Mercy Mwangi in her shop. She started her business using an initial loan of 2,000 shillings in 2007. She says it’s now worth 50,000. Photo credit: Vincent Achuka

With banking services out of reach for the majority of the people in Kenya, the hundreds of thousands of residents of Nairobi’s informal settlements have difficulty accumulating wealth. Micro-lending groups like Blessed Women offer the much-needed credit required to start or improve a business. Interestingly, the group started as a weekly prayer group meeting, hence the name.

“Sometime before 2006 we started having prayer meetings on a weekly basis at one of the members’ houses. During these meetings, we also discussed issues facing us and we realized poverty was the main problem,” says group member Gladys Wanjiku. “To counter this, we started a merry-go-round where the group would visit [the home of] one member at a time and contribute some money to the host.”

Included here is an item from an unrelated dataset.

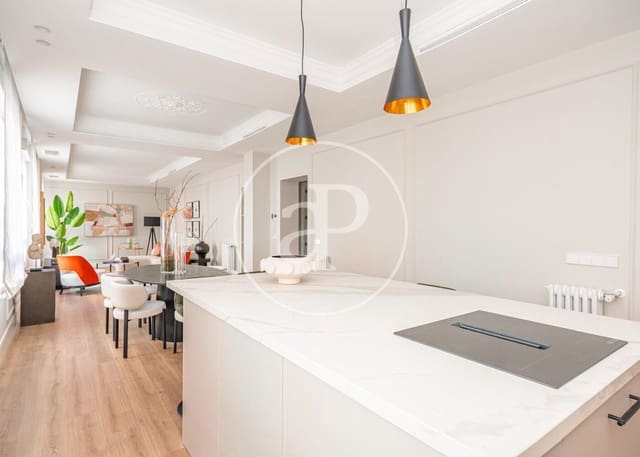 3 sypialnia Apartament na sprzedaż w Rios Rosas, Miasto Madryt - 1 550 000 € (Ref: 9247315)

“Our decision to switch to micro-credit amongst ourselves was reached after we attended a workshop on savings and entrepreneurship,” adds the group’s chairwoman Nancy Wanjiku.

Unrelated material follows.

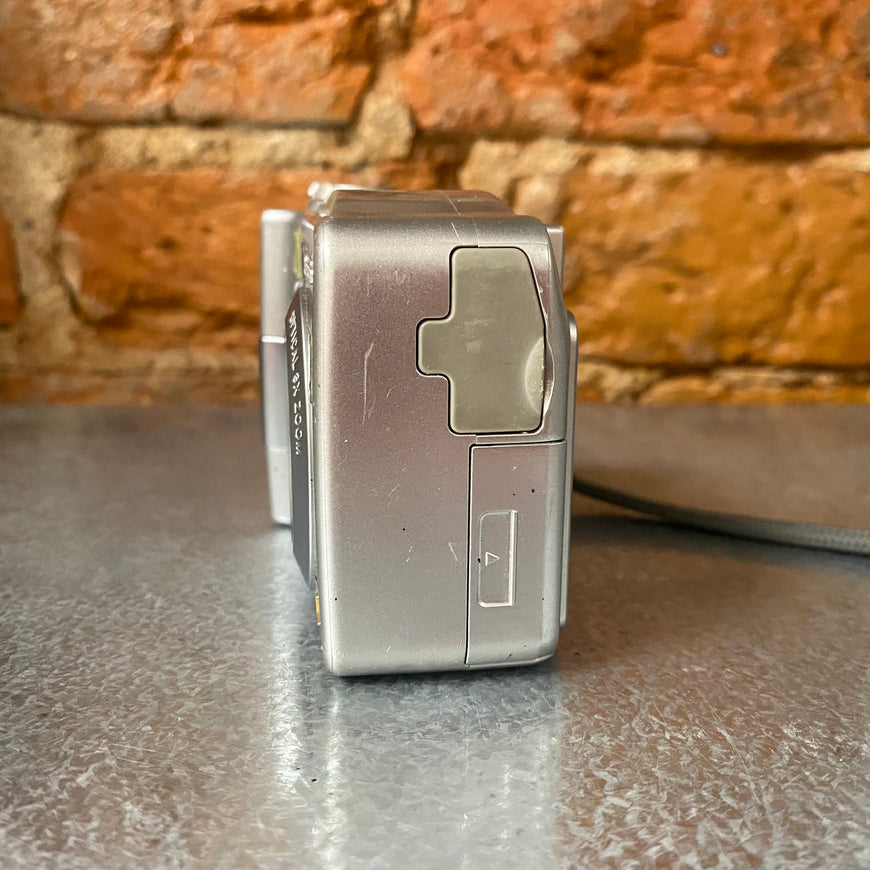 Panasonic Lumix DMC-LC50 цифровой фотоаппарат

The group meets twice a month. During meetings, each member deposits 200 shillings with treasurer Mercy Mureithi. They used to deposit only 50 shillings, but as the members’ financial stability has increased they’ve adjusted it upward.

The money is then consolidated into an account that members are allowed to borrow from, repaying their debts within a month at 10 percent interest. They have two types of loans – a short-term loan allows a member to borrow a maximum of 3,000 shillings and a long-term loan with a ceiling of 5,000 shillings. The interest earned is added to the group’s account to increase their lending capability.

In order to be allowed to borrow, you must have saved with the group for a couple of months. First-time defaulters are required to pay twice the interest amount; defaulting three times will get you expelled. Luckily, that’s never happened so far. At the time of the meeting I attended, a total of 39,500 shillings had been given out as loans. Members are encouraged to borrow more so they can improve their lives.

For instance, Gladys, who has just borrowed 3,200 shillings, says she plans to use the money to buy more stock for her charcoal business. She recently repaid 2,800 she owed to the group. “I am expected to pay back [the loan, plus interest of] 310 shillings,” she says, “which is quite cheap compared to asking a loan from a bank. Banks have a lot of bureaucratic procedures which make it impossible for poor women like me to borrow.”

The group’s vision is to give every member a chance to relocate from the slums, and it seems they’re on course — every woman in the group has started a small business with the money they were able to borrow. In fact, in February of last year the group collectively bought a piece of land in Thika, on the edge of Nairobi, for 250,000 shillings. They are planning to build some houses there as an investment. Right now they are attending workshops on entrepreneurship to get the skills they’ll need to develop the land.